Agriculture is not what it was — and, given that the global population is also not what it was, that may seem a good thing. Since the middle of the last century, new crop varieties, new cultivation techniques and new technologies have brought about a revolution in productivity: the average hectare, for example, now yields three times the tonnage of cereals that it did in 1961, according to Our World in Data.

But whether this is sustainable is a different matter. The costs that the modern food system imposes — in terms of deforestation, greenhouse gas emissions, biodiversity and human health — are becoming clearer year by hotter year. Brazil provides a case in point: an agricultural powerhouse, it may also be nearing a catastrophic ecological tipping point beyond which its rainforest cannot regenerate.

The question, then, is whether the world’s farmers and food businesses can feed more people in a healthy and equitable way without adding to the environmental degradation and global warming that threaten to make some populated areas unlivable.

The following charts offer an overview of some of the key factors to consider — food for thought, if you like — starting with the sheer number of mouths to feed.

The rate of growth of the world’s population is slowing, but the 9bn mark is imminent. The peak, 60 years or so from now, is expected to be 10.4bn people.

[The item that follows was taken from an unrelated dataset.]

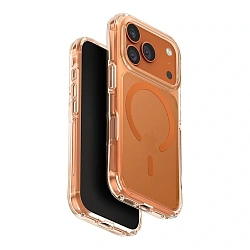 Клип-кейс (накладка) UNIQ Lifepro Xtreme MagSafe для Apple iPhone 17 Pro полиуретан, прозрачный с оранжевым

Line chart of Global population (billions) showing The world's population is expected to be a third higher by end-century

Meanwhile, the trend in the reduction of hunger globally is reversing — as starkly described in the UN Food and Agriculture Organization’s 2022 report on food security and nutrition. “This year’s report,” the FAO says, “should dispel any lingering doubts that the world is moving backwards in its efforts to end hunger, food insecurity, and malnutrition.”

This has prompted widespread concern about how an extra 2.5bn people are to be fed, particularly as rising real incomes in the developing world are usually associated with increased consumption of resource-intensive meat.

Yet agricultural production has consistently outpaced population growth . . . 

Line chart of World food production and population (indices, 1961 = 100) showing Global food production has outstripped population growth over the past 60 years

. . . and all but the poorest countries are now self-sufficient in food, according to the FAO’s definition, producing enough calories to meet basic dietary requirements.

It does not follow, however, that current methods of production are environmentally sustainable. Discussion of how to make them so is dominated by two main issues: reducing food waste and dietary change.

A huge amount of food is wasted — and so, in effect, are the land, water and other resources that went into producing it. In advanced countries, food is wasted predominantly by households while, in developing economies, most waste occurs due to inefficient production and distribution.

Bar chart of % of calories lost & wasted, by stage of process showing A huge proportion of food is wasted - but patterns vary across regions

Dietary change, too, would reduce pressure on the world’s ecosystems. If beef and mutton alone were eliminated from the world’s diet, agricultural land use would halve. Cut out dairy products, as well, and it would halve again.

Bar chart of Global land use for agriculture (hectares bn) showing Reducing meat and dairy consumption would make a huge difference to land use

In addition, moving to plant-based diets would help reduce the food industry’s huge contribution to greenhouse gas emissions — currently, it accounts for just under a third of the total.

Bar chart of Greenhouse gas emissions of selected food products, 2010 (kg of CO2 equivalent per 1000 kilocalories) showing Plant-based diets would reduce emissions

Eating habits are hard to change, though. No matter how eloquent a chart may be, it does not follow that hungry consumers — and the businesses that serve them — will be easily swayed. A sustainable diet for the planet is likely to be a work in progress for a long time to come.